Kenzo Close Things Out With A Combined Men’s And Women’s Show
Our last show of Paris and OMG there’s a bungee situation at Kenzo. Lots of bouncy abseiling boys and girls pon the walls on the Lycée Camille Sée. Properly fab. Collection itself, for both men and women, came from two Japanese figures – supermodel Sayoko Yamaguchi and musician Ryuichi Sakamoto. Carol and Humberto said that the pioneering Ryuichi has long been an inspiration to their work, whilst Sayoko was a muse of Kenzo Takada himself that they’d become obsessed with after seeing images of her in the archive. Those photographs spoke of this incredible way that Sayoko had of clashing patterns and prints, silhouettes and colours.
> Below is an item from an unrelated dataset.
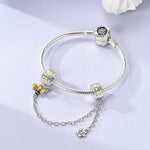 Berlocker Saga (säkerhetskedja & berlocker – flygplan, blomma & kamera)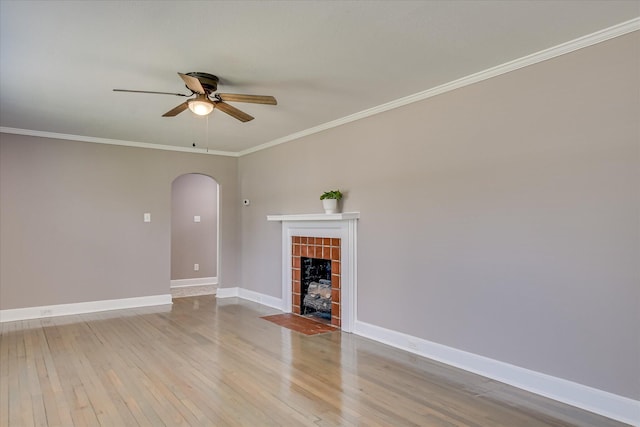 unfurnished living room with a ceiling fan, arched walkways, crown molding, baseboards, and hardwood / wood-style flooring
So that’s what the pair did here – graphic florals sat next to the same print in a clashing colour, stripes met stripes, t-shirts were emblazoned with sporty racing prints. Slashes of sequins, metallic silks, hippyish paisleys. The women’s silhouette riffed on the era that the designers so often refer to – the 1980s – loads of ruffles, asymmetric dresses that fell off the shoulders, dresses that rushed along the body and sleeves. Menswear was a little bit more restrained – clean, strong-shouldered tailoring was worn with high-waisted 50s style trousers, a cut found throughout. It meant everything was tucked-in – fluffy neon jumpers, t-shirts printed with Ryuichi’s face, bold, boxy shirting. Honestly there’s so much more good stuff to say here, but we have actually run out of words. All you need to know it that we liked it. We really really liked it. And with that, over and out Paris. We’re off to lie in a darkened room.